C’était fini. Ils partaient ou plutôt c’est lui qui partait et elle le suivait, l’accompagnait. Il avait bien tenté de faire autrement mais elle avait utilisé la seule arme contre laquelle il ne pouvait rien et elle le savait : les larmes.
Ce n’est pas possible que tu t’en ailles loin de moi, seul, qu’est ce que je vais devenir ? J’ai trop besoin de toi. Reste ou partons tous les deux.

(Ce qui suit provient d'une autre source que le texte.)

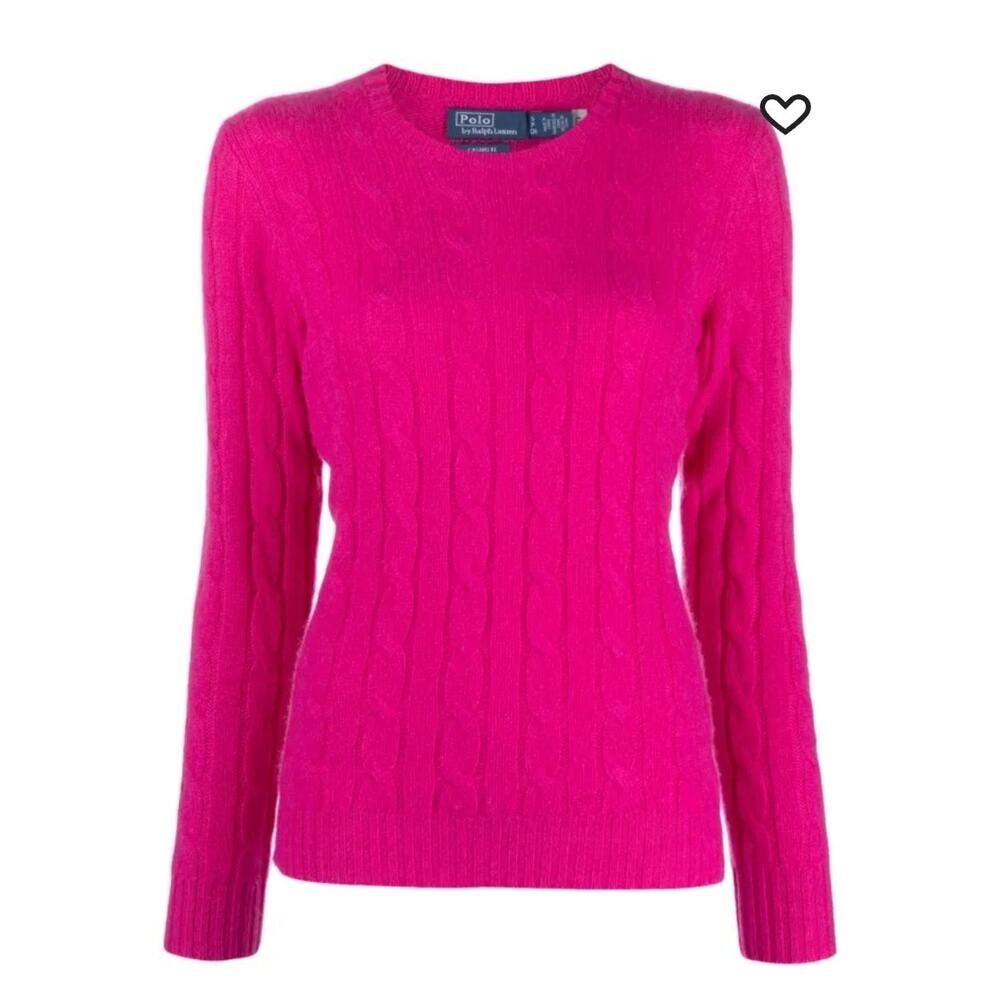 Polo Ralph Lauren Women's Julianna cable-knit cashmere jumper Fushia XL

Il avait tout fait pour l’en dissuader, pour tenter de lui expliquer qu’il avait besoin, lui, de cette rupture momentanée, qu’il avait besoin de prendre le large pour réfléchir. Il avait cherché les mots qui ne blessent pas ; il n’avait pas parlé de lassitude et encore moins du dégoût naissant qu’il avait d’elle. Plus elle le regardait avec son air de chien battu, plus son envie de tout plaquer le saisissait, l’envahissait ; il partait alors faire le tour du pâté de maison, revenait ; la situation restait inchangée, il la retrouvait assise sur un tabouret, devant la table de la cuisine, les yeux rouges, les kleenex à la main.
C’était des océans qu’il voulait mettre entre elle et lui.

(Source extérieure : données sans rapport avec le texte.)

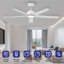 Ventilateur de plafond 52 "avec lumières DEL blanc Émileo-581183880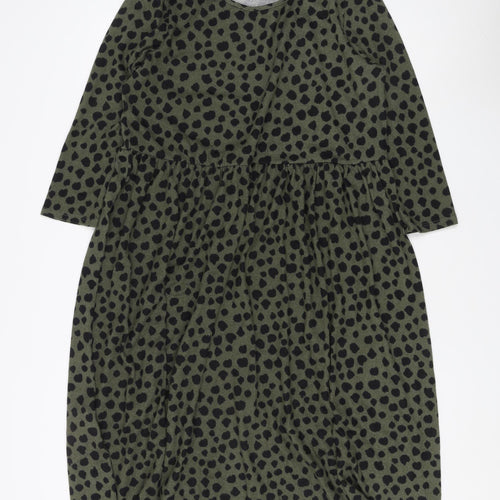 Apricot Women's Green Animal Print Dress Size 14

Je veux réfléchir. Depuis 15 ans nous ne nous sommes pas quittés, j’ai besoin de respirer, besoin d’air
Je me ferai petite, toute petite. Tu feras ce que tu voudras, tu iras où tu voudras, mais emmène-moi, ne me laisse pas ; qu’est ce que je t’ai fait
Insupportable, c’était insupportable. La litanie reprenait :
Je ne comprends pas, partir sur un bateau mais pourquoi ? Pourquoi sans moi ? Tu ne m’aimes plus, dis le que tu ne m’aimes plus ?
Tu te trompes Catherine. Aimer, ne pas aimer, ce n’est pas ça. Je veux juste respirer, faire le point…

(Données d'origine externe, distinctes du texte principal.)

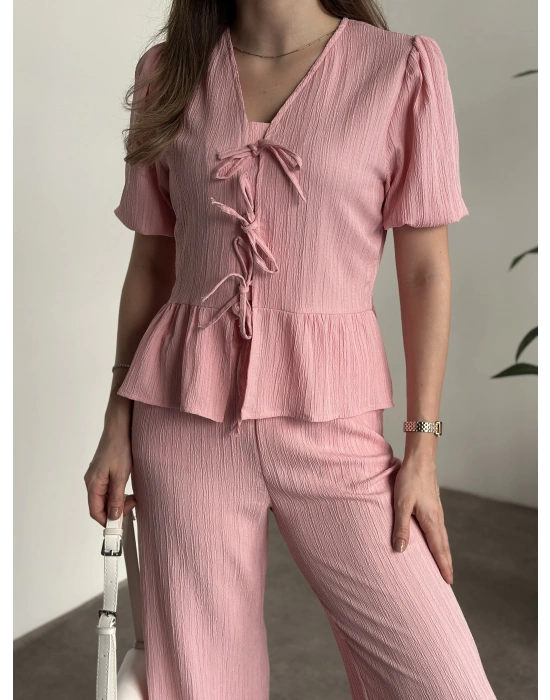 Gofre bağlama detaylı karpuz kol takım pembe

Son gémissement, ses pleurs, il avait été dans l’impossibilité de continuer, de dire non et voilà, on y était, ils partaient ensemble. C’est lui qui a tout organisé, elle sait à peine où ils vont ; c’est comme ca.
Tu as voulu venir, sache que ce n’est pas une croisière de plaisir mais une retraite, un bateau cargo, une boucle, un mois entier sur la mer, 5 escales et retour. Il ne sera plus temps de me dire que tu t’ennuies, que tu veux revenir, que ta mère, ton chat te manquent.
Retraite, rien ne peut sortir de bon d’une retraite imposée, pense t’elle ; elle serait à coup sûr la perdante ; il faut gagner du temps, l’envelopper d’amour et ses envies de fuite disparaîtront. Une crise, c’est une crise. Elle va l’affronter. Il se berce d’illusions, rêve d’une liberté retrouvée, se raconte une histoire, une autre vie ailleurs, une autre vie sans elle, ce n’est pas possible, tout simplement pas possible.
Donne-moi une chance, encore une chance, une toute petite chance avait-elle supplié.
Est-ce une chance que de continuer à avancer en claudiquant, est-ce une chance que d’assister à ce délabrement, à l’agonie de cet amour dont elle se gargarise et dont il ne se souvient même plus ? Mais puisqu’elle le veut…. Pouvait-il du reste dire non à cette femme parfaite, la faute serait alors retombée sur lui comme un oiseau de malheur. On ne quitte pas une femme comme Catherine auraient-ils tous dit. Alors lui, aurait-il supporté le poids de leurs regards, aurait-il pu leur expliquer qu’il en avait assez, assez de courir, de s’essouffler, de prouver. Prouver quoi ? A qui ? Qu’il ne supportait plus personne, ni patron exigeant ni amis trop bienveillants.
Oui, il voulait fuir, fuir pour revenir ou non, ce n’était pas la question. Fuir lui suffisait mais fuir à deux…..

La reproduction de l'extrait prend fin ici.